Brown v. ITT Consumer Financial Corp.

Decision Date05 May 2000
Docket NumberNo. 99-10506,99-10506
Citation211 F.3d 1217
Parties(11th Cir. 2000) Stanley BROWN, Plaintiff-Appellant, v. ITT CONSUMER FINANCIAL CORPORATION, Defendant-Appellee.
CourtU.S. Court of Appeals — Eleventh Circuit

[Copyrighted Material Omitted]

[Copyrighted Material Omitted] Appeal from the United States District Court for the Northern District of Georgia.(No. 94-00515-1-CV-JTC), Jack T. Camp, Judge.

Before BIRCH and HULL, Circuit Judges, and HODGES,* Senior District Judge.

BIRCH, Circuit Judge:

Plaintiff-Appellant Stanley Brown appeals the district court's rulings compelling arbitration and denying Brown's motion to vacate the arbitrator's decision in favor of Defendant-Appellee ITT Consumer Financial Corporation (ITT). Because we find that the district court properly compelled arbitration, and find no error in the district court's denial of the motion to vacate the award, we AFFIRM.


Stanley Brown, an African-American, was hired by ITT in 1990. Brown worked in consumer loan collections for ITT, and was promoted to Assistant Vice-President in 1991. In that role, he trained and supervised Bruce A. Billue and Terry Jenkins, supervisors in ITT's Atlanta Recovery Center. Billue and Jenkins are also African- American. In 1993, Brown, Billue and Jenkins all filed complaints with the Equal Employment Opportunity Commission (EEOC) alleging racially discriminatory treatment by their superiors at ITT.

At the same time that their discrimination claims were being pursued with the EEOC, ITT was undergoing a reorganization and conversion from the consumer loan business to the home equity loan business. Billue and Jenkins were not offered employment in the Home Equity Center after the Atlanta Recovery Center closed in May 1993. Brown was retained until August 1993, during which time he managed the Home Equity Center and trained his replacement. Brown was then terminated from his position and offered severance if he signed a release of claims against ITT. He refused to sign.
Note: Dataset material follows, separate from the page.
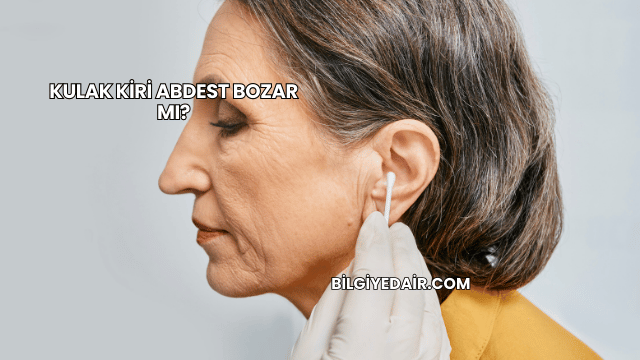 Kulak Kiri Abdest Bozar mı?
In February 1994, Brown, Billue and Jenkins filed a complaint in the district court alleging race discrimination and retaliation. ITT moved to compel arbitration in accordance with the terms of an Employee Agreement (the Agreement) signed by each of the men. The Agreement contains an arbitration clause which provides that ITT and the employee

agree that any dispute between them or claim by either against the other or any agent or affiliate of the other shall be resolved by binding arbitration under the Code of Procedure of the National Arbitration Forum....

R1-4, Exh.B.

The Agreement also provided that it could not be modified "except in a writing designated as an 'EMPLOYMENT AGREEMENT MODIFICATION', signed by an ITT CFC officer." Id. In the district court, Brown argued, among other things, that a Benefits Summary given to employees at the time of their termination and interim bulletins issued by ITT executives replaced the Agreement, thereby invalidating the arbitration clause. He also argued that the arbitration clause should fail because the National Arbitration Forum (NAF) no longer existed. The district court rejected Brown's arguments and compelled arbitration.
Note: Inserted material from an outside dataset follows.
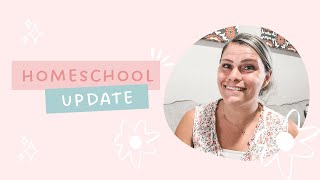 HOMESCHOOL UPDATE [upl. by Aisanahta460]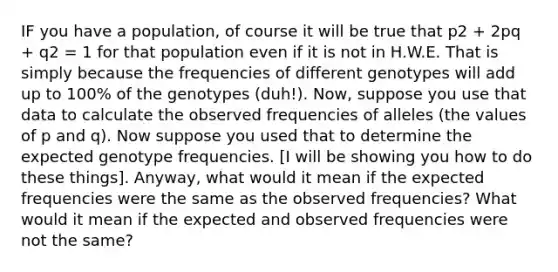 IF you have a population, of course it will be true that p2 + 2pq + q2 = 1 for that population even if it is not in H.W.E. That is simply because the frequencies of different genotypes will add up to 100% of the genotypes (duh!). Now, suppose you use that data to calculate the observed frequencies of alleles (the values of p and q). Now suppose you used that to determine the expected genotype frequencies. [I will be showing you how to do these things]. Anyway, what would it mean if the expected frequencies were the same as the observed frequencies? What would it mean if the expected and observed frequencies were not the same?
The arbitration was conducted by Judge John W. Sognier of JAMS/Endispute. At the conclusion of the arbitration, Billue and Jenkins were awarded damages. Brown was denied relief. His motion to vacate the arbitrator's judgment was denied by the district court. This appeal ensued.


We review the district court's order compelling arbitration de novo. Sunkist Soft Drinks, Inc. v. Sunkist Growers, Inc., 10 F.3d 753, 756 (11th Cir.1993). In reviewing the denial of the motion to vacate the arbitration award, we accept the district court's findings of fact unless clearly erroneous, and we review questions of law de novo. Scott v. Prudential Securities, Inc., 141 F.3d 1007, 1014 (11th Cir.1998), cert. denied, 525 U.S. 1068, 119 S.Ct. 798, 142 L.Ed.2d 660 (1999).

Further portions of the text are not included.